The soccer he played in Virginia consisted of pick-up games with his father and his co-workers. And it was at one of those games that a local reporter — Colombian journalist Edgar Enciso, who did broadcast work for D.C. United — spotted Najar.

Word got to United legend Marco Etcheverry, who was one of the coaches that oversaw the MLS club’s youth programs at the time, and he was the first coach to take a look at him. According to Enciso, Etcheverry said that Najar had “some exceptional qualities.”

And like that, things started falling perfectly for Najar.

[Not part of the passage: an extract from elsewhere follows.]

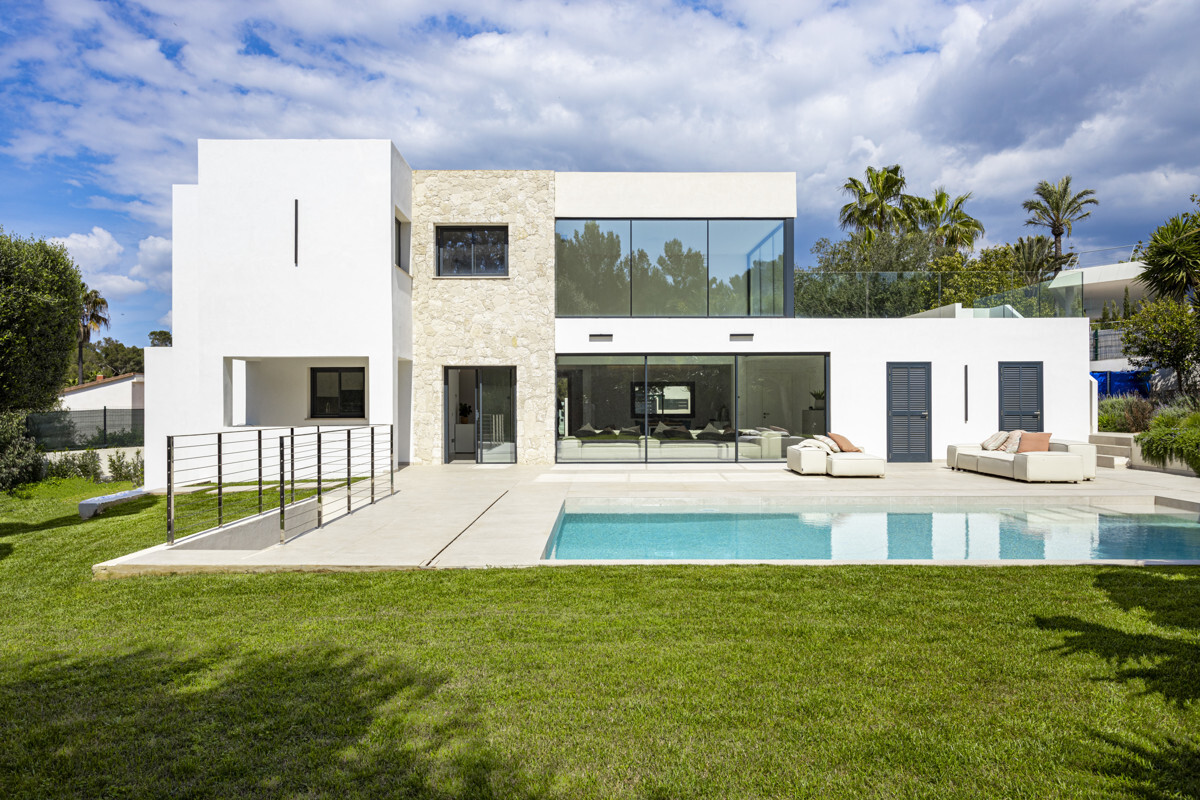 Moderna y espaciosa villa en venta en Santa Ponsa.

A few months later, a 15-year-old Najar was called back to be part of the DC Under-16 side, which had just been established under another ex-MLS player, John Maessner. Najar went on to become one of the most heralded players in United’s academy program.

“Thank god I had the opportunity to be part of that tryout at 15, and I was lucky that D.C. United gave me the chance to stay with the Under-16 academy team,” Najar said.

He was a best XI selection in the 2009 US Soccer Development Academy and D.C. United’s Under-16 Player of the Year before they moved him up to the Under-18 squad, where he scored eight goals. It was not long before he was the highest-rated youth player in the country.

United moved quickly and signed him to a Generation adidas contract. After a single preseason with the club, he became a regular starter at 17, MLS Rookie of the Year and D.C. United Player of the Year. His standing hasn’t changed much in his sophomore season, except for the fact that he’s now been capped twice for the Honduran senior side.

Najar is the idol of the local Honduran fan base and one of the most talked about players back home. All in just five years. But he says the fame and honors have done little to change him.

“I’m still the same humble kid who came from Honduras,” he said.